Data section:
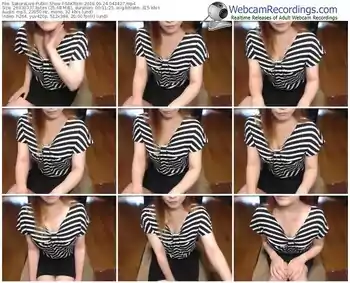 sakuralivejp-sakitkm-webcam-show-09_24_2016-04_34_27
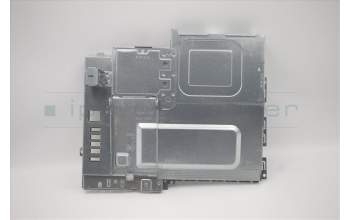 Lenovo 01EF732 MECH_ASM ASSY MB Shielding,AVC, AIO720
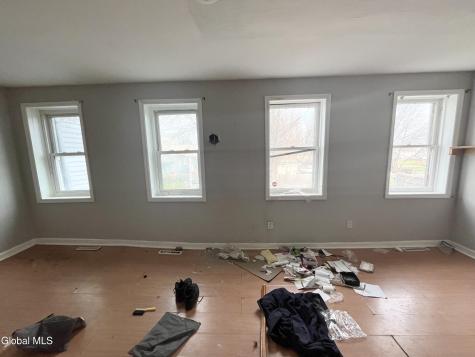 57 O Connell Street Albany NY 12209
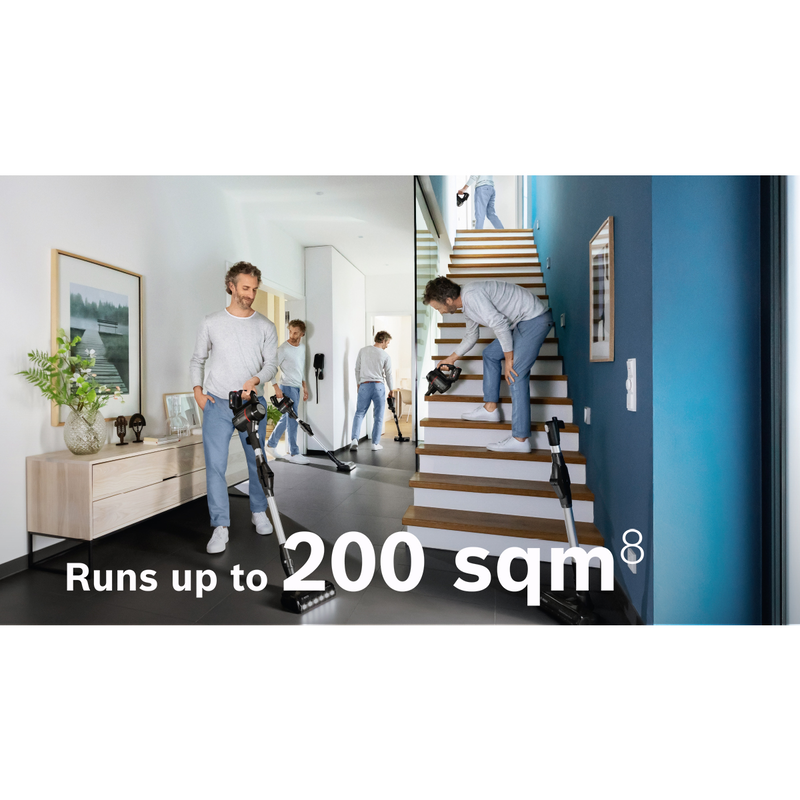 Product image: Bcs712xxl unlimited 7-null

Required work: Using the listing above, copy exactly the lines from the one that contains "Lenovo 01EF732 MECH_ASM" through its last line, both included, but not the pictures.

Solved exercise:
 Lenovo 01EF732 MECH_ASM ASSY MB Shielding,AVC, AIO720
 57 O Connell Street Albany NY 12209
 Product image: Bcs712xxl unlimited 7-null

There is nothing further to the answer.